By linking this to the action of the Cboe VIX Volatility Index – a derivative of the VIX that has plummeted in recent days – Sebastian has seen "an incredible sign" that a bottom could be close, announced the company. animator of "Mad Money".

When the VVIX is in free fall, it means that fund managers who leverage the VIX's own action think that volatility will go down, not increase, Sebastian said.

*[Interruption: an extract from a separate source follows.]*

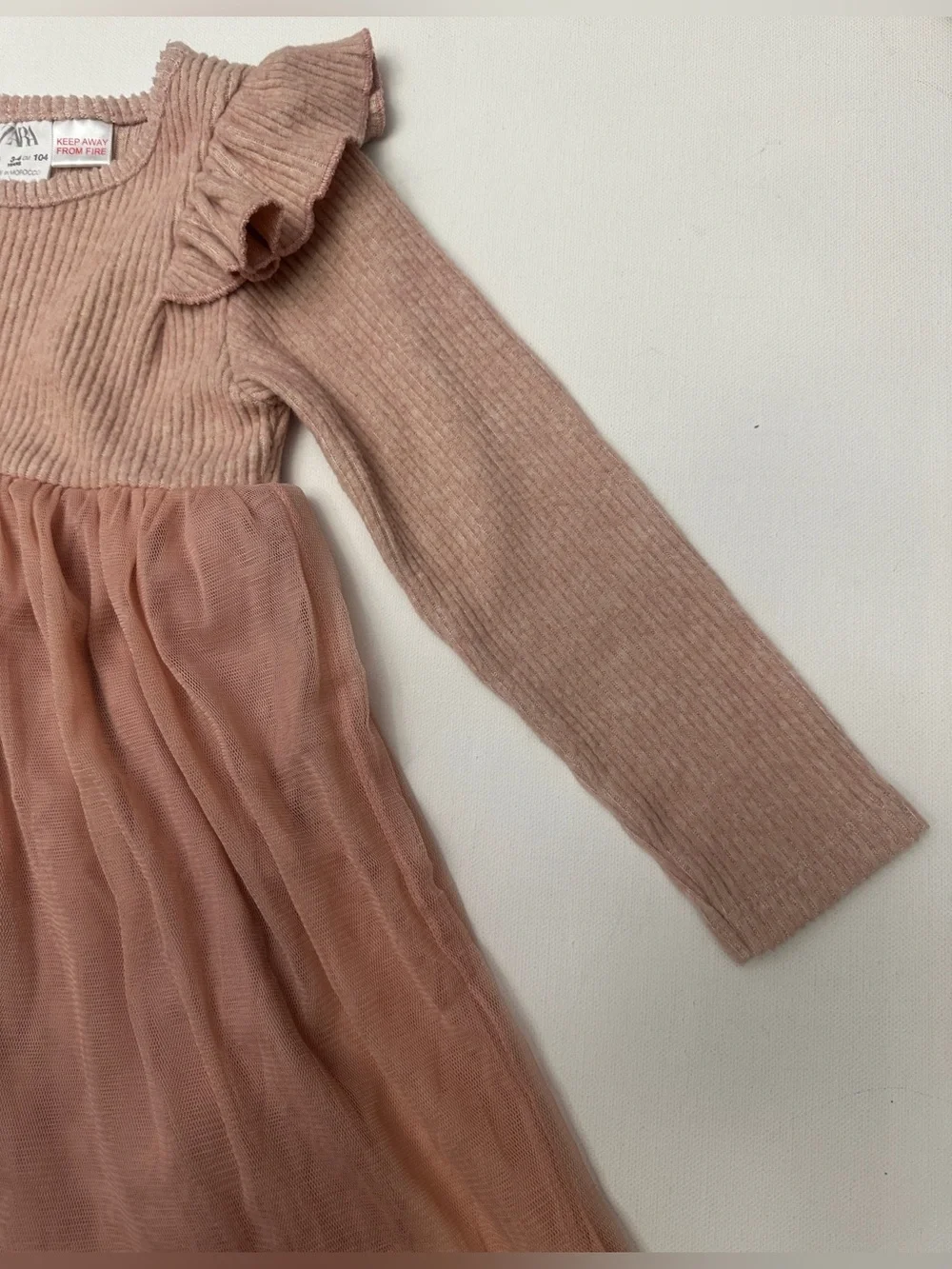 Zara girl’s dress ribbed top, ruffle shoulders, and a tulle skirt.  Size 3-4T.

This means that, in their view, the likelihood of dramatic market fluctuations is decreasing.

"Maybe the VIX is signaling that the Fed could be in stand-alone mode – a rate hike then wait and see – or that the president may have something positive while it Dinner with the Chinese president this weekend, "said Cramer. "Strange things have happened and if they happened, the bear could finally, finally, hibernate."

Shares ended the day up on the hope of a trade agreement reached between the United States and China at the G-20 summit this week. The VIX has slightly increased to reach a little over 19.